[<prev] [next>] [<thread-prev] [thread-next>] [day] [month] [year] [list]
Message-ID: <20160109033712.GA5955@ZenIV.linux.org.uk>
Date: Sat, 9 Jan 2016 03:37:12 +0000
From: Al Viro <viro@...IV.linux.org.uk>
To: Joshua Hudson <joshudson@...il.com>
Cc: linux-kernel <linux-kernel@...r.kernel.org>
Subject: Re: [PATCH] add support for larger files in minix filesystem
On Sun, Nov 01, 2015 at 07:56:36PM -0800, Joshua Hudson wrote:
> From: Joshua Hudson <joshudson@...il.com>
>
> The Minix v3 filesystem and kernel driver have no actual dependency on files
> being less than 2GB in size; however the kernel does not allow creating a
> file of 2GB or larger on a Minix v3 filesystem. I was able to remove the pseudo-
> dependency easily by changing one line of code (filesystems need to tell VFS
> how big of files they allow).
Umm... AFAICS, native Minix v3 fsck will throw a fit if it sees anything
between 2Gb and 4Gb and truncate the value. Seeing that it's their
format _and_ silent changes like that (especially hidden by something like
"you need to binary-patch the field at this offset in superblock first")

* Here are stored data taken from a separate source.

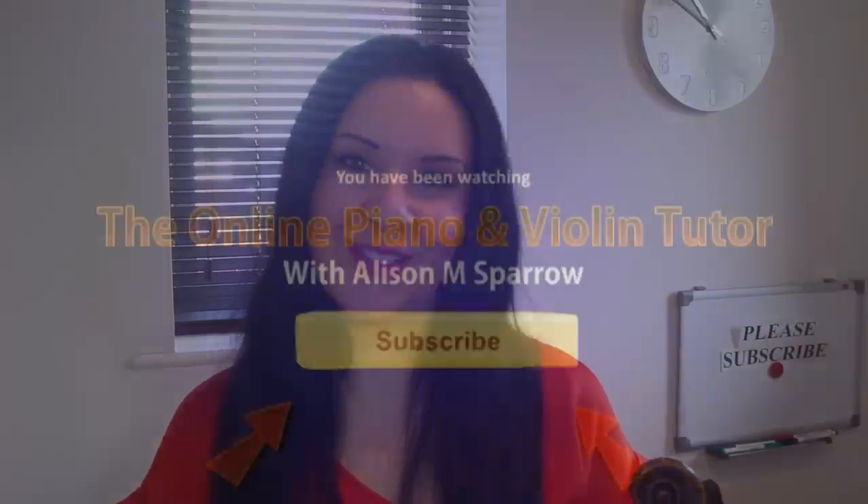Please subscribe and like the video if you want to see more, and I'll see you all in the next one.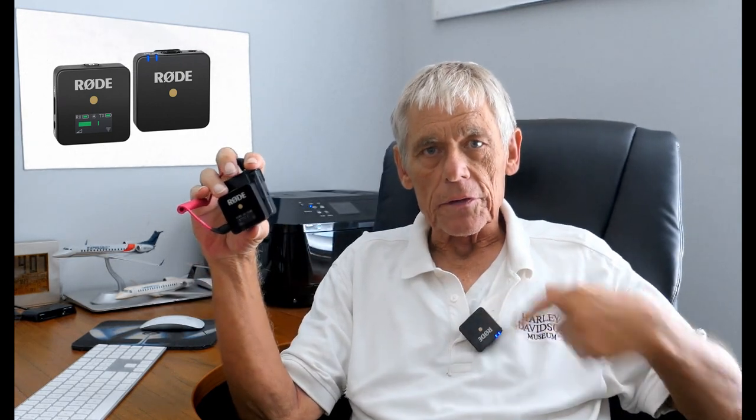My Rode Wireless Go came today — the little receiver side and the little transmitter side.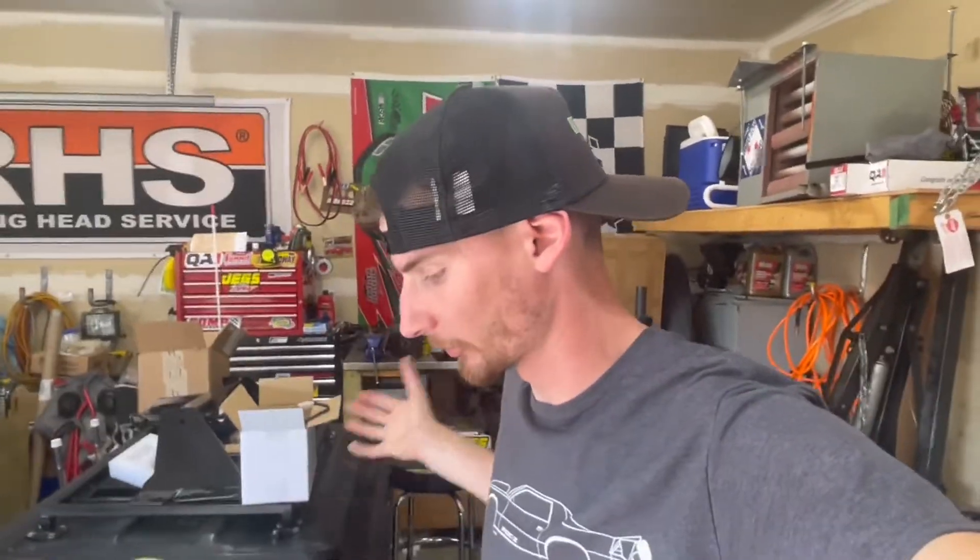It's like 90 degrees, so why not work in the sun? I backed the car out so I can drain the water out of it. Let's get started.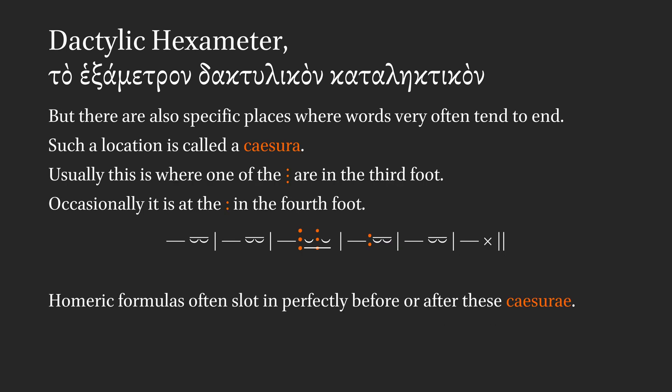But there are also specific places where words very often tend to end. Such a location is called a caesura. Usually this is where one of the triple dots are in the third foot. Occasionally it's at the double dot, the colon, and the fourth foot.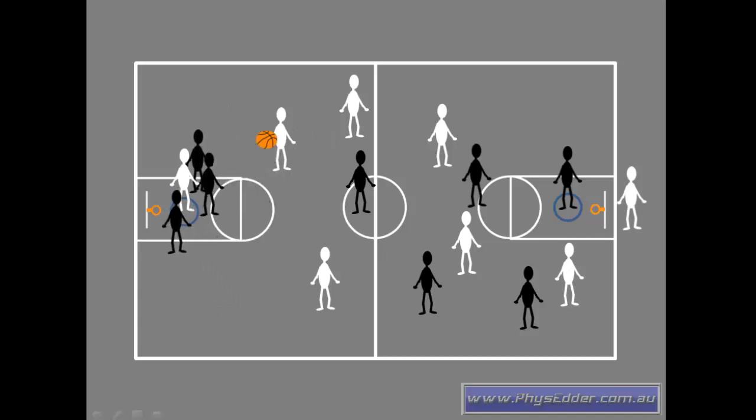Sometimes, when you've only got the one hoop, defenders can start to think about the game a little bit more and begin to crowd or defend the hoopie, which makes it really hard to score.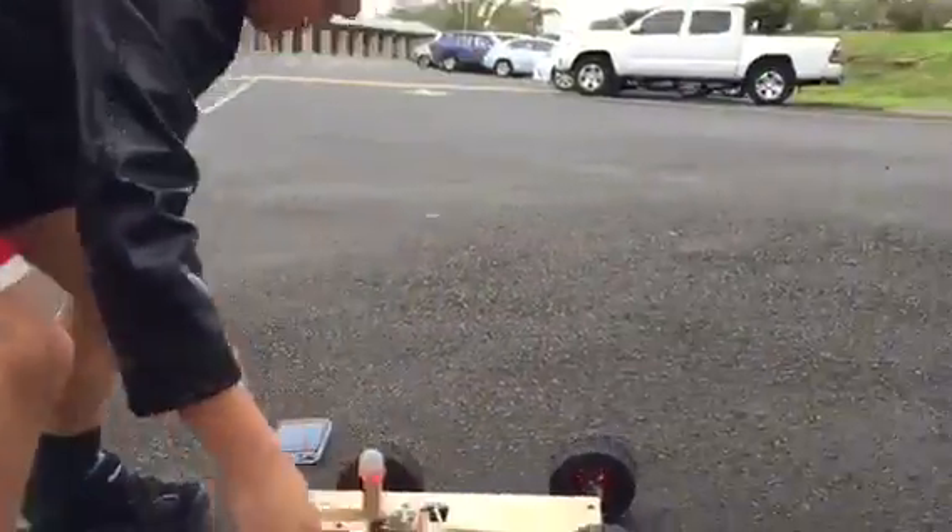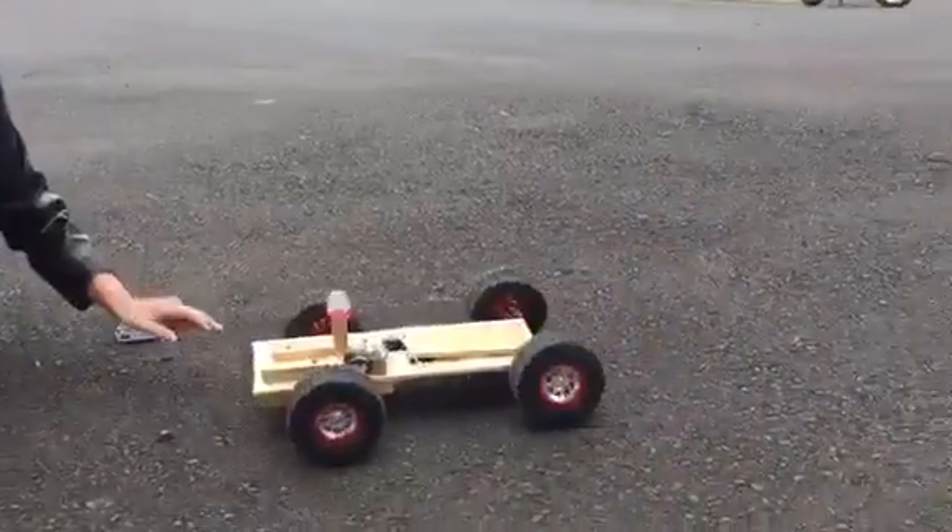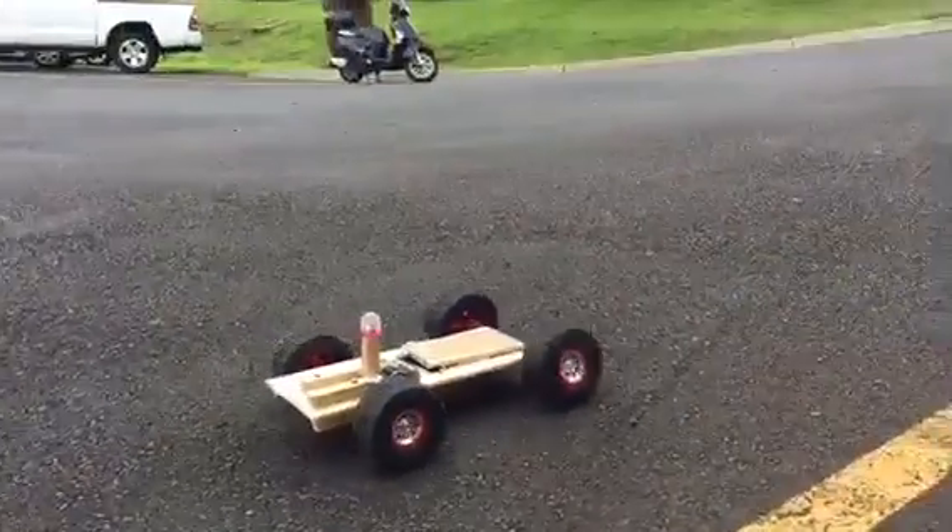Backwards. Put it the other way. Ready? Turn it back on. And there he goes, the car.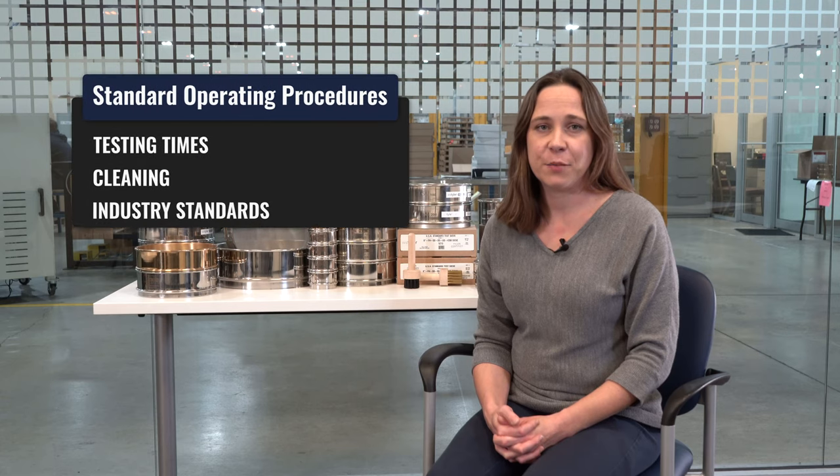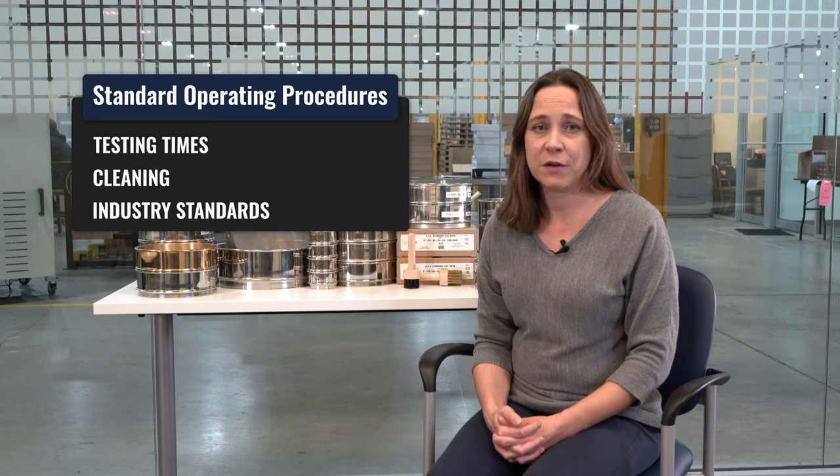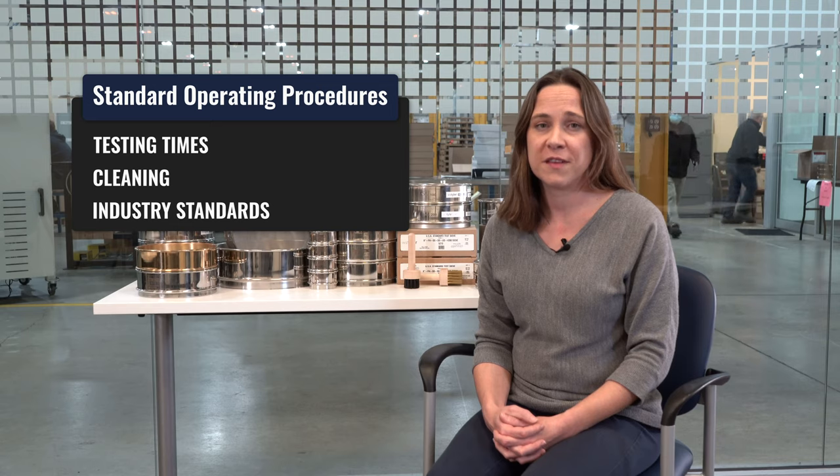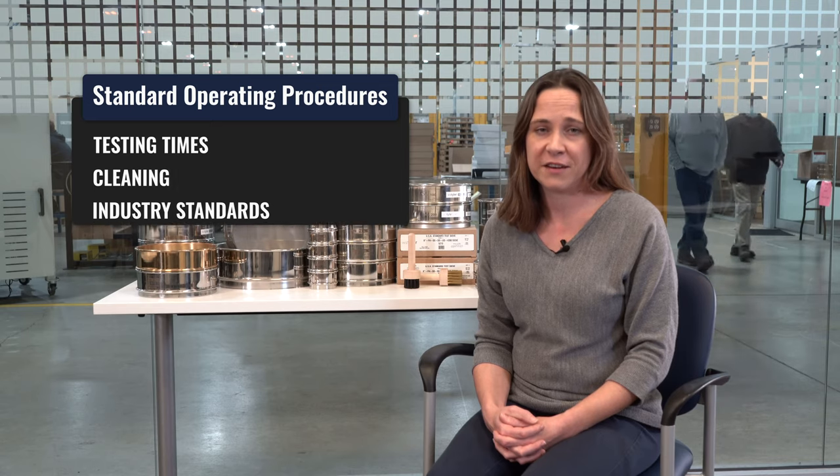Are you following the standard operating procedures for your laboratory, including testing times and how you're cleaning your sieves? And if there's an industry standard for your material — something in the ASTM or ISO standards — are you following those steps to make sure that you're performing to that industry standard?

are generally considered rude.
I'd suggest you to talk to Minix folks and convince them to raise that limit;
if it's merely a matter of unhappy fsck, it shouldn't be hard, but if their
minix/mfs/*.c code would get unhappy on files longer than 2Gb, it would be
harder and in that case we _really_ shouldn't run around creating such files
there.
Seriously, talk to Minix folks first.